» **PROBLEM DETAILS**:
Transcribe the entries exactly as given and skip whatever images they hold.
** Opening INPUT FOR THIS TASK block **
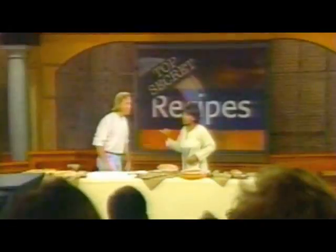Top Secret Recipes. Please welcome Todd Wilber.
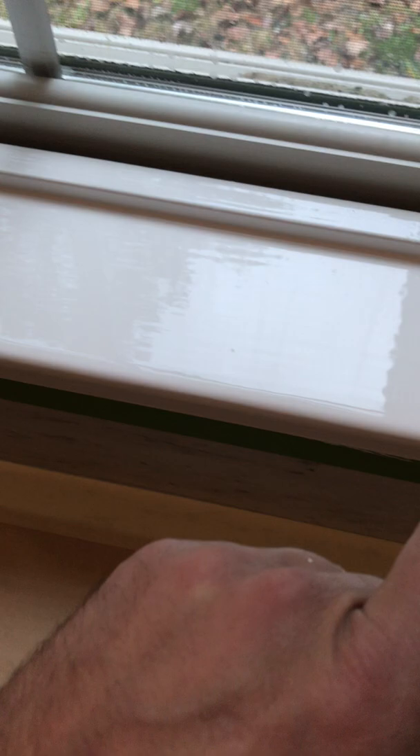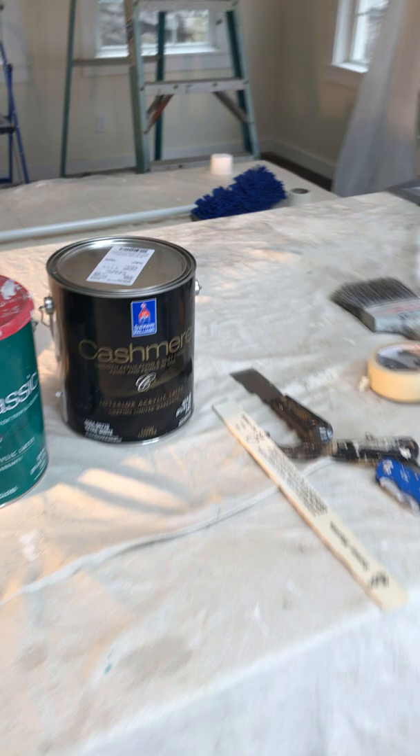Of course it's not dry, but once this is dry, folks, and there's some brush marks right there — once this is dry, let's see if those disappear. But this is just beautiful. This looks like an oil base. It does have kind of a little strong smell to it, but Pro Classic water base for trimming doors is the way to go. Thumbs up right there. I love it.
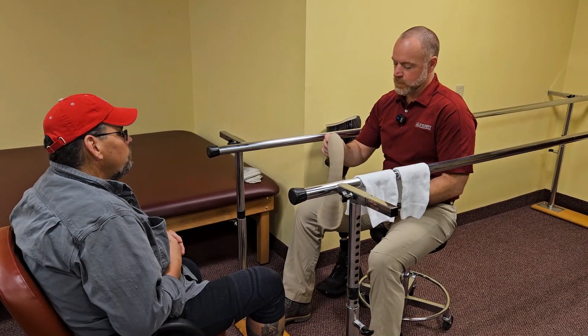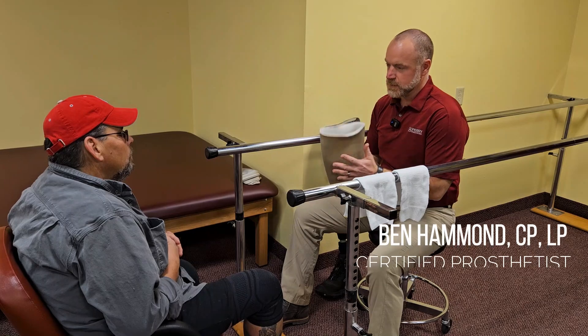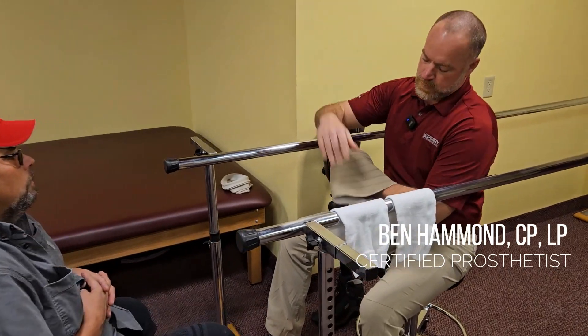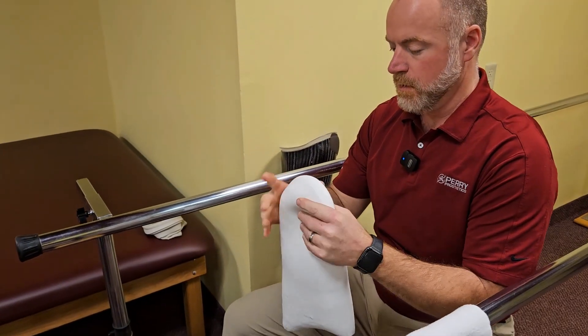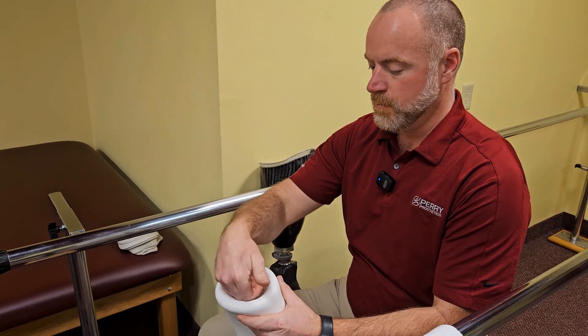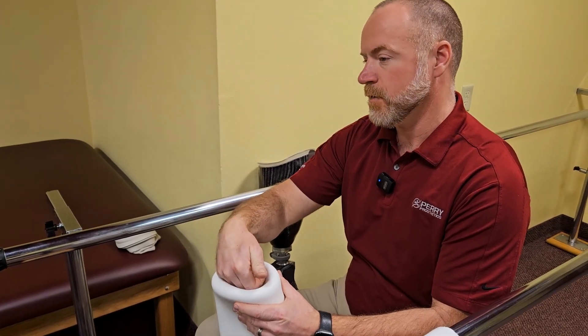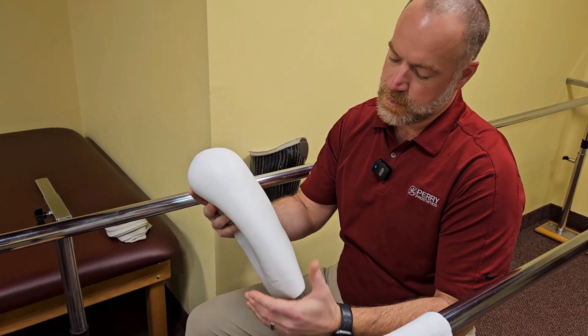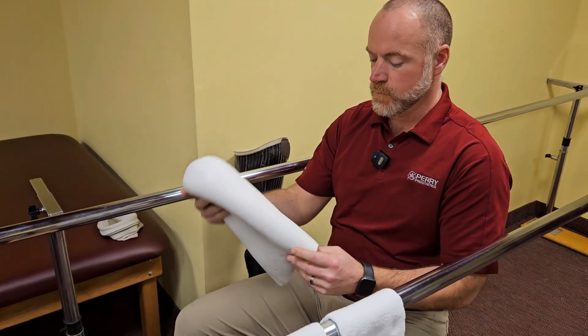Alright Lee, so we're going to don the seal-in liner here. When you put this on, you want to invert it completely inside out. We don't ever want to start the liner with a big hole or bowl in there because that's going to create airspace and cause irritation, potential blisters, plus it's not fully on your leg, which can cause friction and movement.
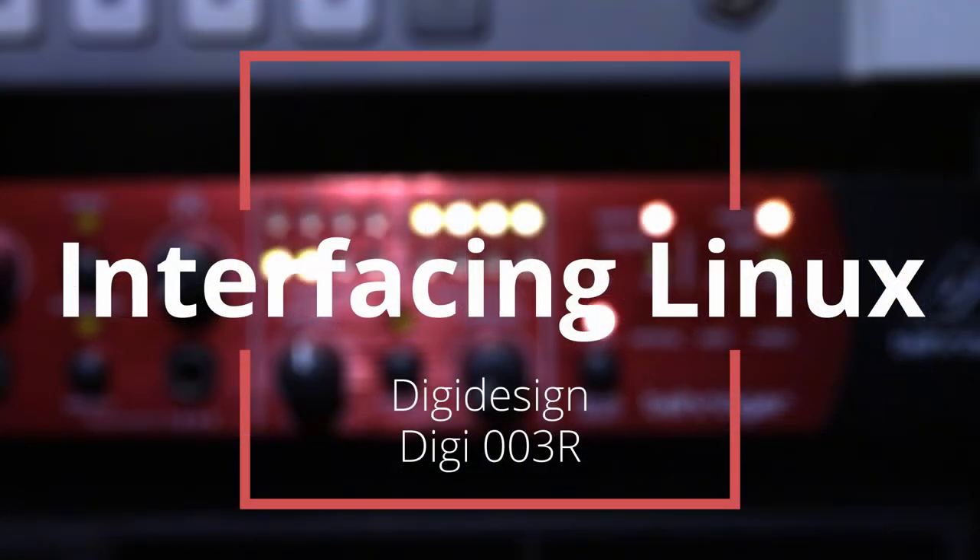That link will be in the description along with everything else. All right, I will see you next week. It was something that if you zoom in, you might be able to figure out what it is. All right. Remember, friends don't let friends use audio interfaces as sound cards.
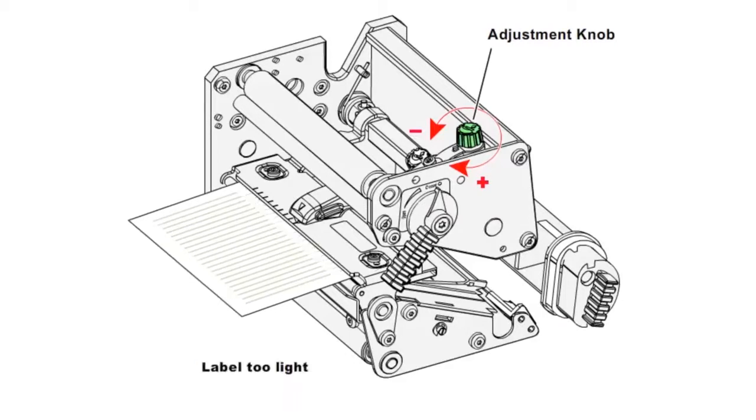If the printout is then too light, turn the adjustment knob clockwise about half of what you turned it previously, and print another test label. Continue this process until the printout has the desired darkness.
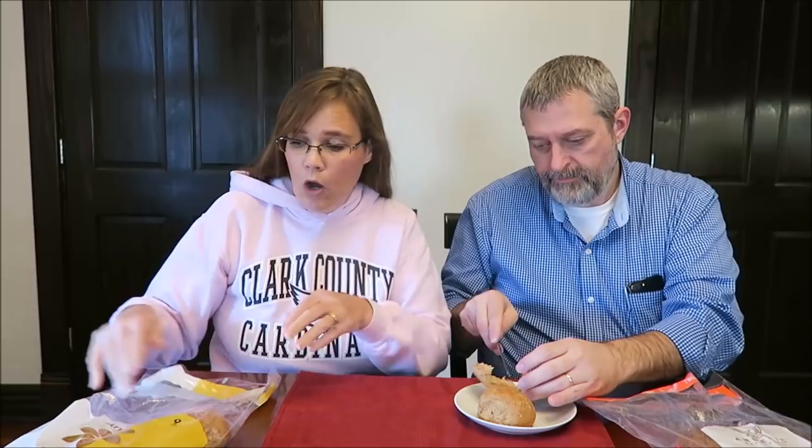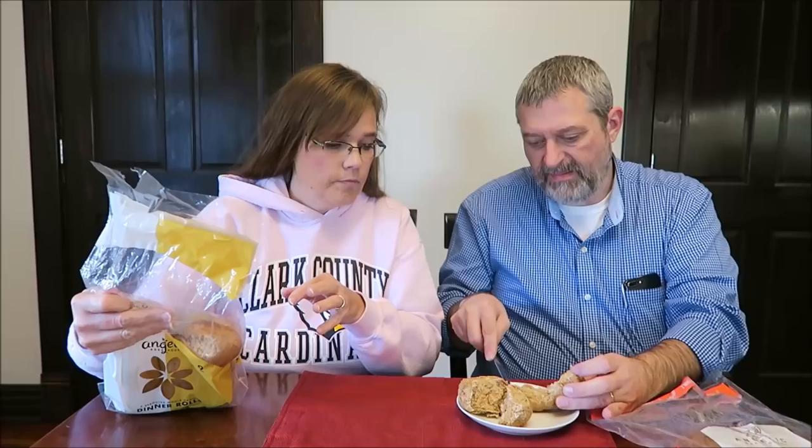We have actually heated the rolls, and so we're going to be trying those first. I figured we'd try them soon and you can talk about it after, because they're nice and warm.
** Closing INPUT FOR THIS TASK block **
» **REPLY**:
Top Secret Recipes. Please welcome Todd Wilber.
Of course it's not dry, but once this is dry, folks, and there's some brush marks right there — once this is dry, let's see if those disappear. But this is just beautiful. This looks like an oil base. It does have kind of a little strong smell to it, but Pro Classic water base for trimming doors is the way to go. Thumbs up right there. I love it.
Alright Lee, so we're going to don the seal-in liner here. When you put this on, you want to invert it completely inside out. We don't ever want to start the liner with a big hole or bowl in there because that's going to create airspace and cause irritation, potential blisters, plus it's not fully on your leg, which can cause friction and movement.
That link will be in the description along with everything else. All right, I will see you next week. It was something that if you zoom in, you might be able to figure out what it is. All right. Remember, friends don't let friends use audio interfaces as sound cards.
If the printout is then too light, turn the adjustment knob clockwise about half of what you turned it previously, and print another test label. Continue this process until the printout has the desired darkness.
We have actually heated the rolls, and so we're going to be trying those first. I figured we'd try them soon and you can talk about it after, because they're nice and warm.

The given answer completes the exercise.